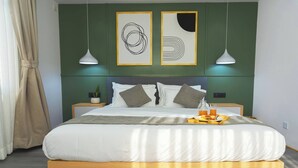 Ein ordentlich bezogenes Bett mit einem Frühstücksbrett, einer Topfpflanze und zwei gerahmten abstrakten Kunstwerken an der Wand.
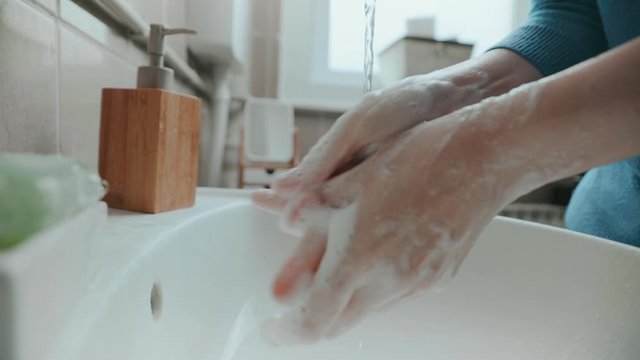 Young woman washing hands with antibacterial soap in the bathroom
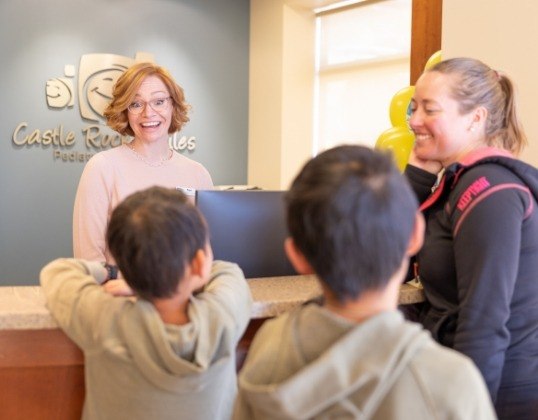 Friendly dental team member greeting young dentistry patients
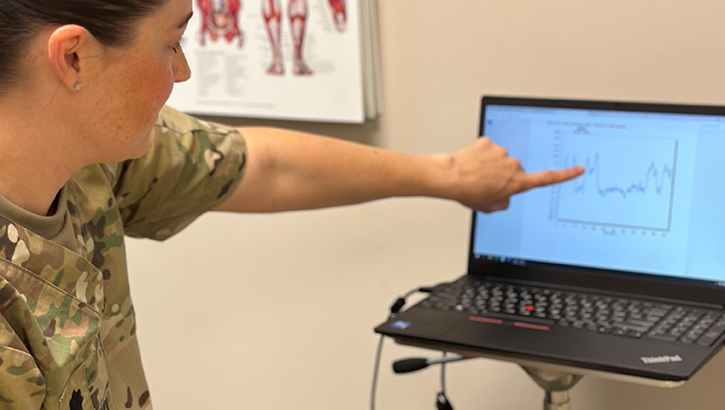 U.S. Army Lt Col. (Dr.) Leigh Anne Lechanski, department chief of rehabilitation at Eisenhower Army Medical Center, guides a patient through a pelvic floor muscle exercise training session using a surface electromyography biofeedback system. This intervention gives patients a visual aid and objective information about muscle activation in the pelvic floor structures. (Courtesy Photo)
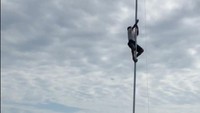 Foto: Joni memanjat tiang bendera untuk memperbaiki pengait yang bermasalah saat upacara HUT ke-73 RI. (Screenshot video viral)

────────────────────

Copy the records exactly. Skip any pictures.

 Ein ordentlich bezogenes Bett mit einem Frühstücksbrett, einer Topfpflanze und zwei gerahmten abstrakten Kunstwerken an der Wand.
 Young woman washing hands with antibacterial soap in the bathroom
 Friendly dental team member greeting young dentistry patients
 U.S. Army Lt Col. (Dr.) Leigh Anne Lechanski, department chief of rehabilitation at Eisenhower Army Medical Center, guides a patient through a pelvic floor muscle exercise training session using a surface electromyography biofeedback system. This intervention gives patients a visual aid and objective information about muscle activation in the pelvic floor structures. (Courtesy Photo)
 Foto: Joni memanjat tiang bendera untuk memperbaiki pengait yang bermasalah saat upacara HUT ke-73 RI. (Screenshot video viral)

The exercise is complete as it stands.